Some Latin American writers have also been very influential. First of all, the Peruvian Cesar Vallejo, who I believe is the greatest poet the Spanish language has ever known. Then, more contemporary writers such as Roque Dalton, Juan Gelman, Elena Poniatowska, and others.
I am curious about your book SOMETHING’S WRONG WITH THE CORNFIELDS. You state these poems are the "impossible poems". Can you expand on this? You also dedicated the book to de Kooning. Is there something in your collection that refers to her work? It seems like the collection takes the reader on a journey from NYC to Peru to Mexico to Cuba, and the poetic voice is both speaking from memory and present. I love to hear a bit more about the work.First, about Elaine de Kooning. As I mentioned, she was a close friend and tremendous influence in my life. More than in terms of "voice" (because she was a painter, not a writer, our mediums were different), in terms of how she modeled being a creative woman. Her ability to see and feel what was around her, her energy and dedication to the work, her discipline, and her absolute refusal to "disappear" into the role available to women at the time. Her life also taught me that one has to be willing to give a lot up to be a woman artist, and that one must weigh those trade-offs every step of the way. Because some of them one may not want or be willing to give up. On the other hand, the system or society, always tells us there are certain choices... but it doesn't tell the truth. The choices it offers are rarely the only or real ones.
SOMETHING'S WRONG WITH THE CORNFIELDS is dedicated to Elaine, but there is no particular poem in that collection for or about her. Those poems are mostly about the great changes to our earth, air, water, food, etc., in other words the changed ecology we must deal with these days. And when I say they are the "impossible" poems, it is because I use a language taken from the distorted language the system has put upon us, a language in which words that once meant one thing now mean something entirely different, sometimes diametrically opposed to their original meanings. I explain this in the introduction to the book. As for taking the reader on a journey, I can see why you got that impression because there is a small section in the book called "My Cities" in which I wrote a series of poems about some of the major cities in which I have lived. But even the city poems are really about larger climactic issues and issues of human violence and destruction as these affect those cities.
As far as Elaine is concerned, I have a very long prose piece about her in a previous book, MY TOWN. This book is about growing up here in Albuquerque, during the 1940s and 1950s, a time in which McCarthyism was suffocating the nation and places like New Mexico (home to the A-bomb, etc.) were particularly vulnerable. The piece in that book about Elaine is simply called "Elaine," and speaks of her life, how we met, our relationship, and her influence. It ended up in that book because there are several "portraits" in that book, pieces about people who were important to me here at that time. Elaine and I actually met here in New Mexico, when she was invited to be a visiting professor of art at the University of New Mexico.
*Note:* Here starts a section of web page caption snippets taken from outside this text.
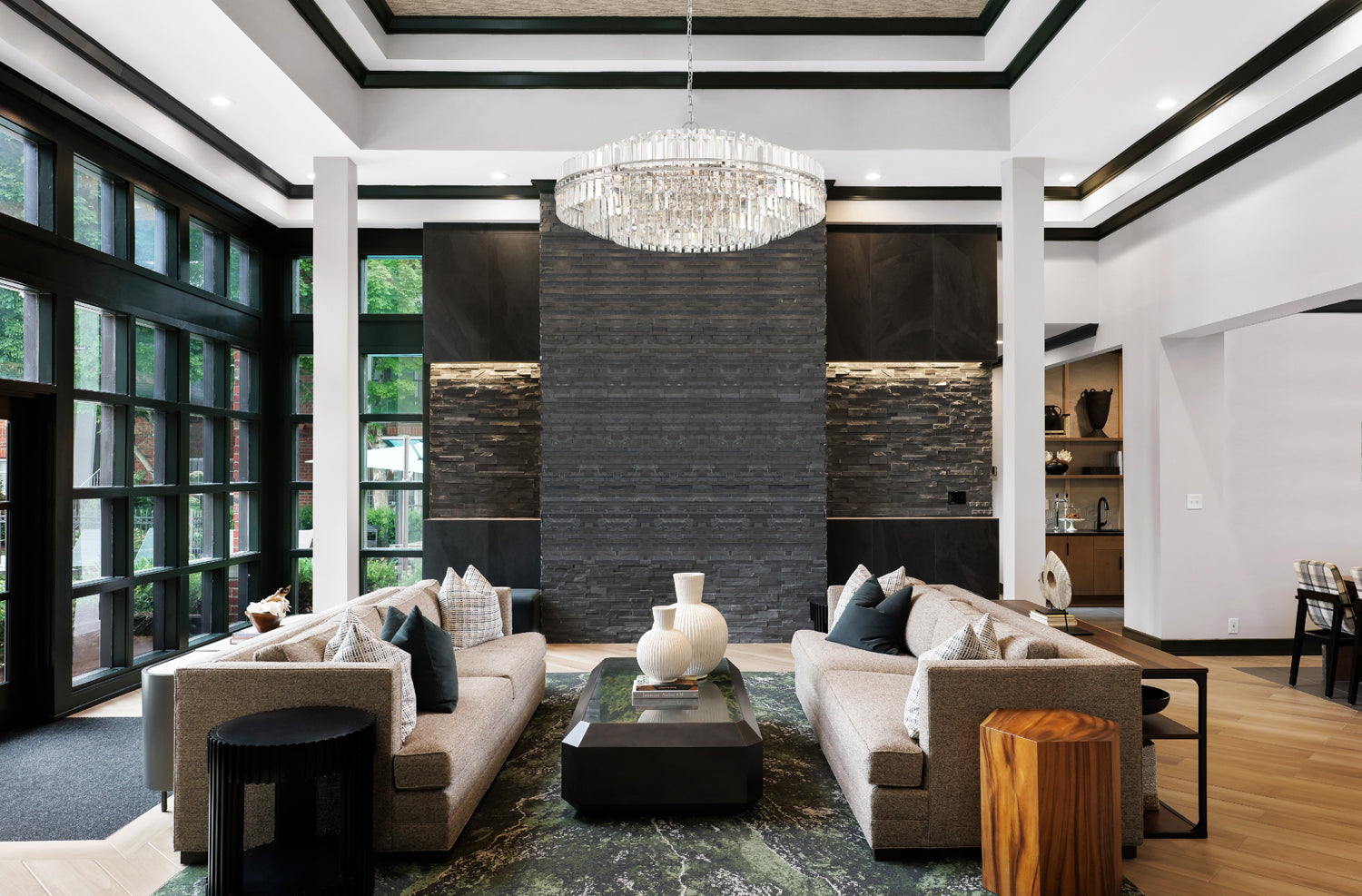 A Modern Crystal Chandelier showcased as a statement piece in a modern style living room.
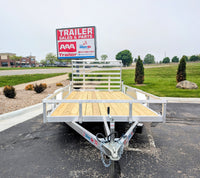 Silver Ox Aluminum utility trailer with wooden platform in front of a 'Trailer Sales & Parts' sign.
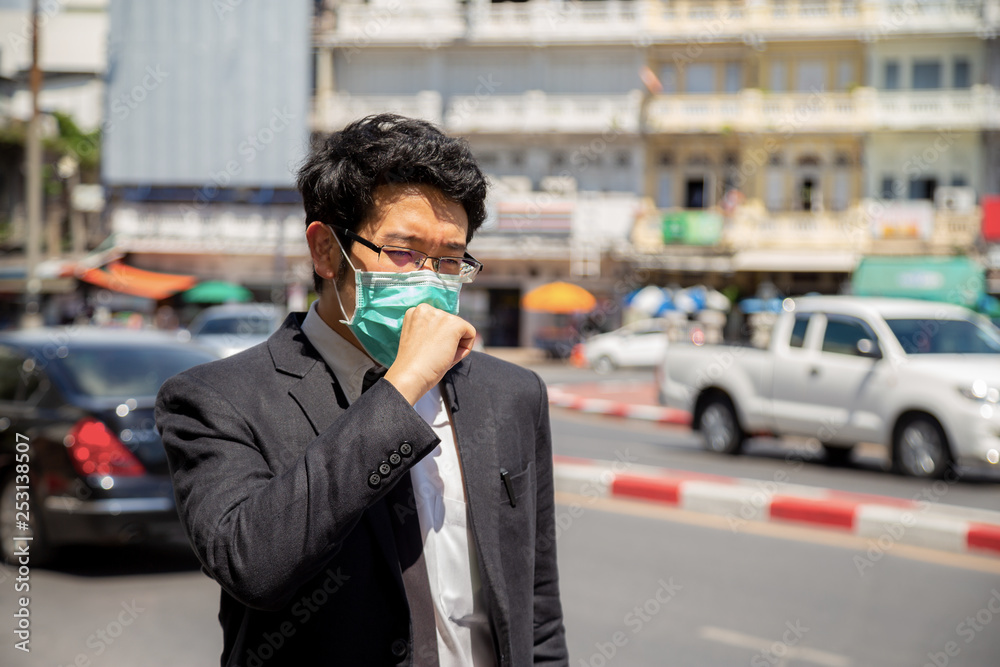 A man wearing mouth mask against air smog pollution with PM 2.5 in Bangkok city, Thailand.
Oral history has been prominent in my work. For many years I did oral history, especially with women. It all started because of two things. On the one hand, my discovery of feminism in 1969, which I think I've already alluded to. I was in Mexico then, and feminist documents and articles began coming from the north (the U.S.) and east (western Europe). To be able to look at patriarchy as a political category, to be able to look at how it shapes power, was very important in my persona life as well as in my work. Almost immediately, at the end of that same year as a matter of fact, I ended up going to live in Cuba. And my big question, quite naturally, was: "Does socialism liberate women?" I wasn't an ethnologist or anthropologist; in fact I had no formal education at all. So my way of finding out things I wanted to know was to ask. I decided to research Cuban women, interview as many as I could, and put together a book with their stories. I mentioned there being two things. One was feminism and the other was the revolution: the Cuban revolution and the liberation struggles that were seething throughout the continent at the time.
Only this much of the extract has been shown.